What to produce:
Extract, word for word, each line from the line holding "Kaufland BOROMIR Cozonac Ofertă" through the end of the records. Omit every picture.

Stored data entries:
------------------------------------------------------------------------
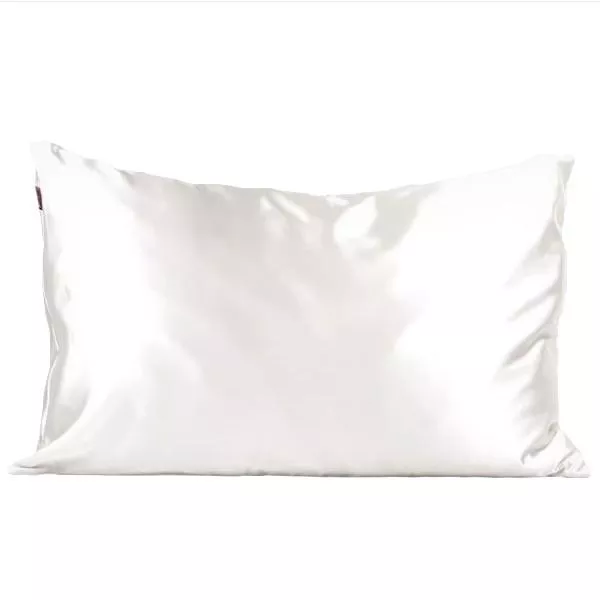 Taie d'oreiller en satin - Ivory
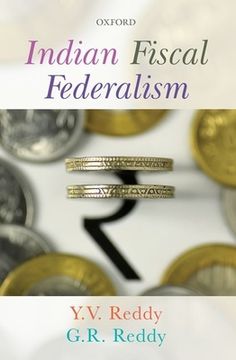 portada Indian Fiscal Federalism (en Inglés)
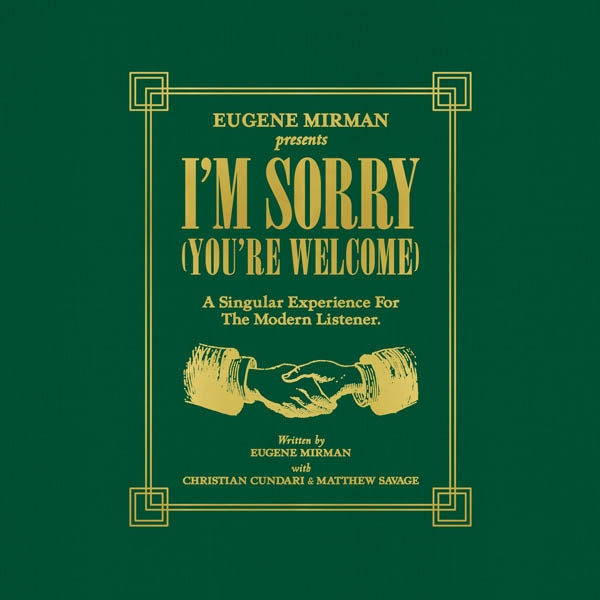 |  Vinyl LP | Eugene Mirman - I'm Sorry, You're Welcome (7 LPs) | Records on Vinyl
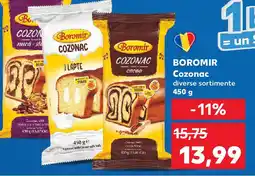 Kaufland BOROMIR Cozonac Ofertă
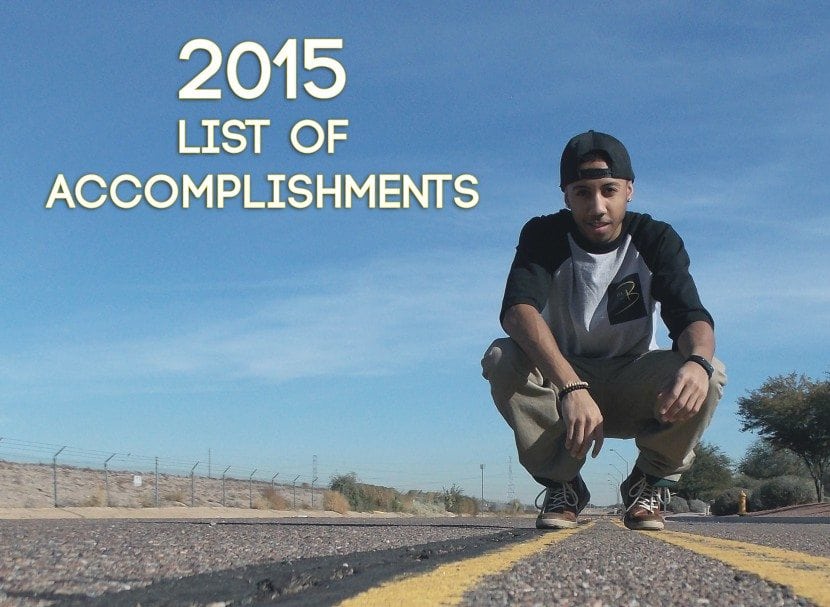 2015: MyBoyB List Of Accomplishments | My Boy B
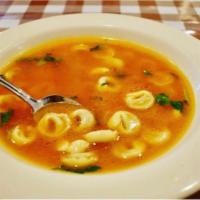 Tortellini Soup ·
------------------------------------------------------------------------
Solved exercise:
 Kaufland BOROMIR Cozonac Ofertă
 2015: MyBoyB List Of Accomplishments | My Boy B
 Tortellini Soup ·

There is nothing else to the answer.